Furthermore, with the new tax law, the dreadful Modelo 720, where one is expected to declare one’s worldwide holdings – how many foreigners have simply thrown in the towel and left Spain for a more welcoming country like Portugal, or have returned in disgust to their country of origin? Then again, why own a property in Spain if you can no longer let it without enormous inconvenience?

So how many Britons (or Germans, or Dutchmen) live in Spain? The padrón is not the answer; perhaps a better way would be to check the contracts with the electric companies. But that is not the way of the Statisticians.

Wednesday, May 04, 2016

The Spanish Animal



Spanish society is becoming wound up in another battle – this time it’s not about employment, honest politicians, nationalism, sexual equality or vice – but rather for the status of animals. It is centred on the bulls, naturally enough, since Spain is one of only a few countries in the world where you will still find la tauromachía practiced, but also increasingly around the ethical treatment of other creatures.
For example, should feral cats be neutered?  They infest certain barrios and towns, particularly in tourist areas where they are fed by well-meaning residents. The law in Catalonia says that they can’t be poisoned as they are considered ‘companion animals’, so the choices are a costly neutering program (the one that gets away will have numerous kittens) or simply doing nothing, in the hope that they’ll move away (they won’t). The rest of Spain appears to leave the problem and solution to the local municipality.
Abandoned dogs are not left in colonias as the cats are, but are rather taken to shelters where they may meet their end in 72 hours, although some regions have banned euthanasia and the animals are presumably kept there, perhaps forever. There are some 110,000 dogs abandoned each year in Spain, and we have all seen the touching adverts of the forsaken dog on the road saying ‘I would never leave you’.
Other animals seem to be under the protection of Seprona (a unit of the Guardia Civil) and some species will be considered ‘invasive’ (the raccoon for example) and will be trapped and destroyed.
And so, the bulls. There is the traditional corrida loved or hated (or ignored) by Spaniards –illegal now in a few parts of Spain (probably for political rather than ethical reasons) and then there’s the much less formal bull-baiting, known in Catalonian as ‘correbou’. This is some form of bull running – usually a local festival of questionable taste. A recent story much in the news this week has two protestors filming at an event being violently set upon by some supporters. Were the protestors – known as antitaurinos – justified in provoking the supporters or not? – the Reader must decide for him or herself.

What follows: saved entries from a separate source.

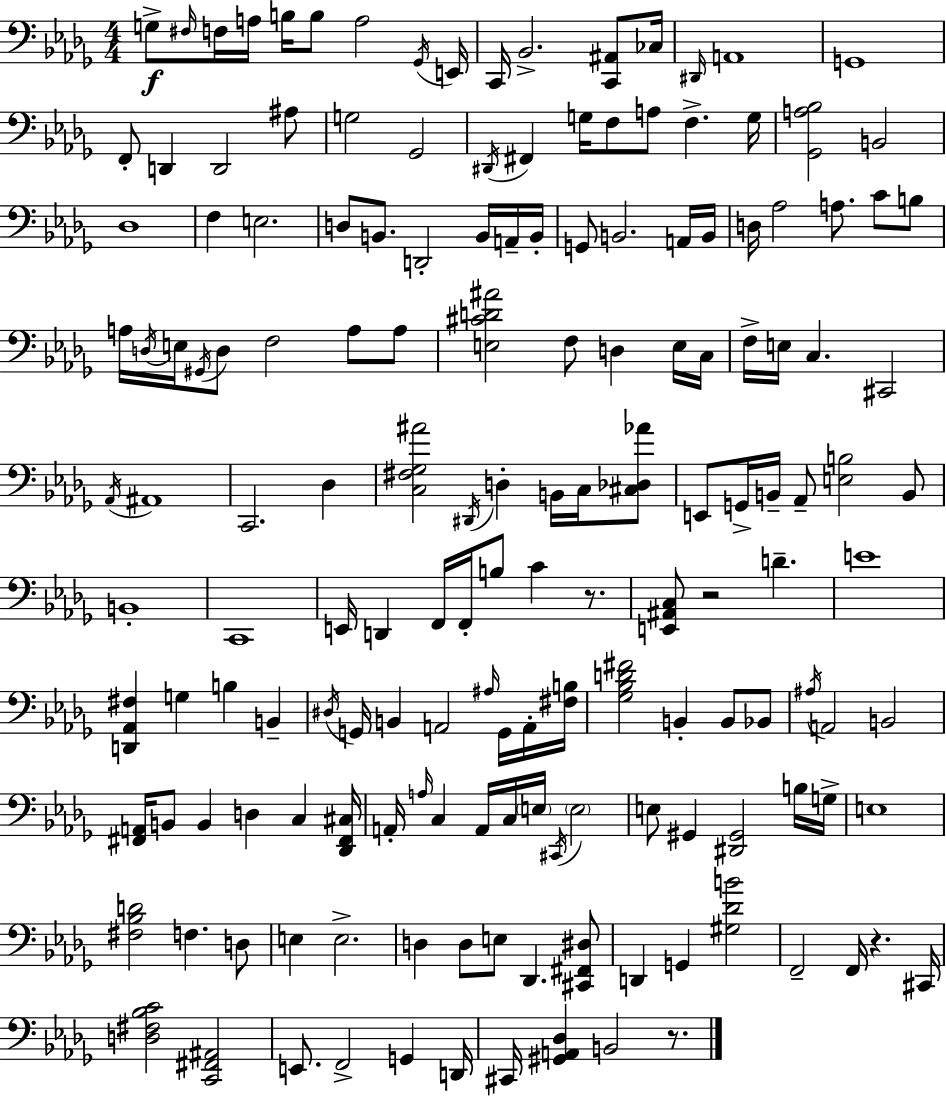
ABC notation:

X:1
T:Untitled
M:4/4
L:1/4
K:Bbm
G,/2 ^F,/4 F,/4 A,/4 B,/4 B,/2 A,2 _G,,/4 E,,/4 C,,/4 _B,,2 [C,,^A,,]/2 _C,/4 ^D,,/4 A,,4 G,,4 F,,/2 D,, D,,2 ^A,/2 G,2 _G,,2 ^D,,/4 ^F,, G,/4 F,/2 A,/2 F, G,/4 [_G,,A,_B,]2 B,,2 _D,4 F, E,2 D,/2 B,,/2 D,,2 B,,/4 A,,/4 B,,/4 G,,/2 B,,2 A,,/4 B,,/4 D,/4 _A,2 A,/2 C/2 B,/2 A,/4 D,/4 E,/4 ^G,,/4 D,/2 F,2 A,/2 A,/2 [E,^CD^A]2 F,/2 D, E,/4 C,/4 F,/4 E,/4 C, ^C,,2 _A,,/4 ^A,,4 C,,2 _D, [C,^F,_G,^A]2 ^D,,/4 D, B,,/4 C,/4 [^C,_D,_A]/2 E,,/2 G,,/4 B,,/4 _A,,/2 [E,B,]2 B,,/2 B,,4 C,,4 E,,/4 D,, F,,/4 F,,/4 B,/2 C z/2 [E,,^A,,C,]/2 z2 D E4 [D,,_A,,^F,] G, B, B,, ^D,/4 G,,/4 B,, A,,2 ^A,/4 G,,/4 A,,/4 [^F,B,]/4 [_G,_B,D^F]2 B,, B,,/2 _B,,/2 ^A,/4 A,,2 B,,2 [^F,,A,,]/4 B,,/2 B,, D, C, [_D,,^F,,^C,]/4 A,,/4 A,/4 C, A,,/4 C,/4 E,/4 ^C,,/4 E,2 E,/2 ^G,, [^D,,^G,,]2 B,/4 G,/4 E,4 [^F,_B,D]2 F, D,/2 E, E,2 D, D,/2 E,/2 _D,, [^C,,^F,,^D,]/2 D,, G,, [^G,_DB]2 F,,2 F,,/4 z ^C,,/4 [D,^F,_B,C]2 [C,,^F,,^A,,]2 E,,/2 F,,2 G,, D,,/4 ^C,,/4 [^G,,A,,_D,] B,,2 z/2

Another more famous antitaurino, the Dutchman Peter Jannsen, who sometimes jumps into a bullring during a faena, is putting the participants in danger (as if there wasn’t enough already in the bullring). So, are the animal-rights people guilty of sometimes choosing an animal’s life over a human’s? Perhaps so.  Another question to consider: Should an ‘anti’ have the right, either moral or indeed legal, to interrupt a lawful activity paid for by a crowd of enthusiasts?
There’s even an animal-rights political party in Spain called PACMA (Wiki), which, if a little light on general policy, is firm on anything to do with animals. It naturally wants bullfighting banned. It pulled 220,000 votes in the General Elections in December.
So, are animals to be eaten, worked and kept as pets, as seems to be the traditional role for them, or should they be treated as Beings trapped within a ball of fur, but with human feelings and rights?
The last word goes to a bullfighter called José Antonio Morante de la Puebla, who, faced with an antitaurino protest in Ronda last year, said ‘I’m a bullfighter, not a murderer’.